La réaction à mon strabisme convainc une fois de plus que les gens sont statiques dans leur forme, ils veulent que le monde s'arrête, qu'il soit compréhensible et familier. Les enfants réagissent différemment: d'une manière ou d'une autre, dans le métro, une fillette de cinq ans m'a d'abord considéré pendant longtemps, puis a commencé à me représenter. Elle garda les yeux rivés sur son nez, les roula drôle. Quand elle a remarqué que je souriais, elle a commencé à grimacer encore plus. C'était drôle - parce qu'on ne s'offusque pas du comédien. Mais si un adulte l'avait fait, j'aurais pensé qu'il était idiot.

Nous naissons avec des caractéristiques physiques différentes et dépendons de ce à quoi nous sommes habitués. Les gens veulent constamment l'unification.
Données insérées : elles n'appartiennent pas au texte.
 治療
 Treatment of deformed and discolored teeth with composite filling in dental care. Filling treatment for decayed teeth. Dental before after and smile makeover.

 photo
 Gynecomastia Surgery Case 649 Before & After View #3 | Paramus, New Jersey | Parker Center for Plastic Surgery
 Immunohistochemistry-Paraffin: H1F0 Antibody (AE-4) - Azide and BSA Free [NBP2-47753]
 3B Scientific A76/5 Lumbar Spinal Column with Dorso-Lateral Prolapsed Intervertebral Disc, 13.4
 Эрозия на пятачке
Bien sûr, tout le monde remarque les différences, et l'essentiel ici est d'apprendre à réagir correctement et non à cultiver une perception douloureuse. Parce que l'on peut argumenter longtemps que les caractéristiques physiques n'affectent pas notre réaction, mais le plus souvent ce n'est pas le cas. Les gens qui les entourent, par peur, les essaient eux-mêmes et changent d’attitude.
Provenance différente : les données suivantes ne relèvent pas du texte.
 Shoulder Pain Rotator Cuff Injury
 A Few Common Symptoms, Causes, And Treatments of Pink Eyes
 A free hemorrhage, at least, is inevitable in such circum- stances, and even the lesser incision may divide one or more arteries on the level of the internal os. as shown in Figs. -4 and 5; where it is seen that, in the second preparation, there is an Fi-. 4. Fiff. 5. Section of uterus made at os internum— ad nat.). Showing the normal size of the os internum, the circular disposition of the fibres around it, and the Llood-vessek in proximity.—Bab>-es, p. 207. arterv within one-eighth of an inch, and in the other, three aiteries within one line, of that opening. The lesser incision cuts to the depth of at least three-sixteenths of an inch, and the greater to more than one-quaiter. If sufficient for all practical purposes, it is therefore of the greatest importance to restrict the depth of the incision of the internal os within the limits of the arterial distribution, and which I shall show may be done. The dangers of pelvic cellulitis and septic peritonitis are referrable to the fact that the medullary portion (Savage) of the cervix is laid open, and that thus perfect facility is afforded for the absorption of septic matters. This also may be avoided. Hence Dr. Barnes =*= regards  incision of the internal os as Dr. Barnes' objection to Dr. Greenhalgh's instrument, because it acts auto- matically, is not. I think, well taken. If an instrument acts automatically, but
La réaction à mon strabisme convainc une fois de plus que les gens veulent que le monde reste immobile, soit clair et familier

Maintenant plus que jamais, ils ont commencé à parler de la différence. À un moment donné, exagérer la situation est devenu un fétiche: "C'est bien que vous ne soyez pas parfaits, car nous avons déjà dépassé l'idéalité et la caste". Ceux qui pensent plus large comprennent qu’à l’heure actuelle, nous sommes au stade "nous avons remarqué les" autres "et nous allons travailler avec eux." Mais il n'y a pas encore de prise de conscience. Apparemment, à travers ces pôles, nous parviendrons à une acceptation: nous cesserons de nous attarder sur les caractéristiques physiques et, lorsque nous parlerons avec une personne, nous cesserons de nous concentrer sur le fait qu'il a un strabisme ou qu'un membre a été amputé. Nous n'utiliserons pas cela comme un drapeau et choisirons une personne selon ce principe. Cependant, il y a un manque de développement de l'autre côté. Une personne avec une caractéristique physique subit souvent de l'agressivité parce qu'elle ressent un manque de compréhension de la part des autres. Nous devons apprendre à accepter les personnes qui ont quelque chose que vous n’avez pas.

"Tirer" le monde et remarquer constamment toutes les imperfections ou, au contraire, ne pas provoquer et accepter - tel est le choix personnel de chaque personne. J'ai fait le mien: à un moment donné, j'avais plus de tolérance, j'ai commencé à répondre plus calmement. Je comprends que maintenant je pourrais avoir une opération. Après, probablement, rien ne changera dans ma tête. Cependant, je suis curieux si je cesserais d’être intéressant si je change d’apparence.